En criminalisant l’homosexualité, le Burkina Faso ne retrouve pas ses racines africaines : il perpétue au contraire l’œuvre « civilisatrice » des colonisateurs qui ont érigé leurs propres tabous sexuels en normes universelles.
L’ambiguïté du progressisme sélectif
Paradoxalement, le même Code des personnes et de la famille adopté le 1er septembre contient des avancées significatives : fixation de l’âge minimum du mariage à 18 ans pour tous, élimination des discriminations de genre en matière d’héritage, ou encore reconnaissance légale des mariages religieux et coutumiers. Ces mesures témoignent d’une volonté de modernisation sociale réelle.
Cette sélectivité trahit l’influence des conservatismes religieux et sociaux qui instrumentalisent le discours anti-occidental pour justifier leurs positions rétrogrades.
Au-delà des considérations morales, cette loi constitue un recul démocratique inquiétant.

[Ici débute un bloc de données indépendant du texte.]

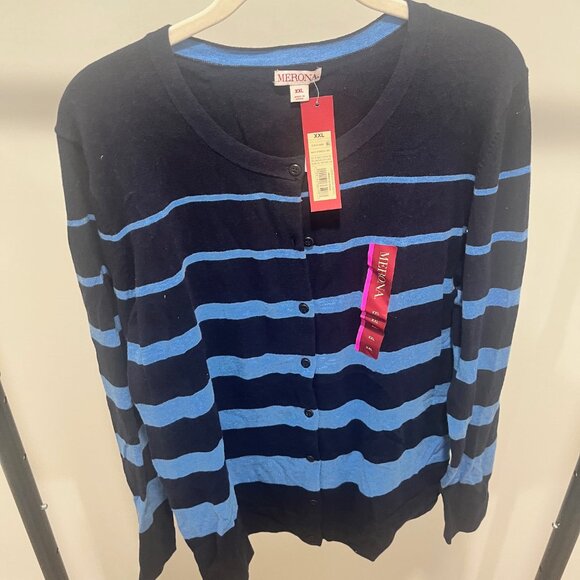 Stripe Pattern Navy Blue Sweater - Picture 1 of 6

Amnesty International souligne à juste titre qu’elle « viole le droit à l’égalité devant la loi » et contredit les traités internationaux ratifiés par le Burkina Faso. En s’attaquant à la vie privée des citoyens, le régime révolutionnaire adopte les méthodes répressives qu’il prétend combattre.
Cette dérive s’inscrit dans une tendance plus large en Afrique de l’Ouest. Le Mali, allié du Burkina Faso au sein de l’Alliance des États du Sahel, a adopté une loi similaire en novembre 2024. Cette synchronisation révèle une stratégie politique concertée d’instrumentalisation de l’homophobie comme marqueur identitaire anti-occidental.
Vers une authentique décolonisation des esprits
La véritable révolution africaine passe pourtant par la déconstruction de tous les héritages coloniaux, y compris ceux qui semblent conformes aux sensibilités locales. Comme l’ont montré l’Angola en 2019 ou le Botswana la même année, décriminaliser l’homosexualité peut constituer un acte authentiquement décolonial, libérant les sociétés africaines des carcans moraux imposés par les puissances européennes.
Certains pays africains l’ont compris : l’Afrique du Sud, premier pays au monde à interdire constitutionnellement les discriminations basées sur l’orientation sexuelle, ou encore le Cap-Vert, les Seychelles et le Mozambique qui ont décriminalisé l’homosexualité.
Le Burkina Faso d’Ibrahim Traoré rate ainsi une occasion historique de mener une révolution véritablement émancipatrice. Car on ne peut prétendre libérer un peuple en perpétuant l’oppression d’une partie de ses citoyens. Surtout pas au nom d’idéaux révolutionnaires.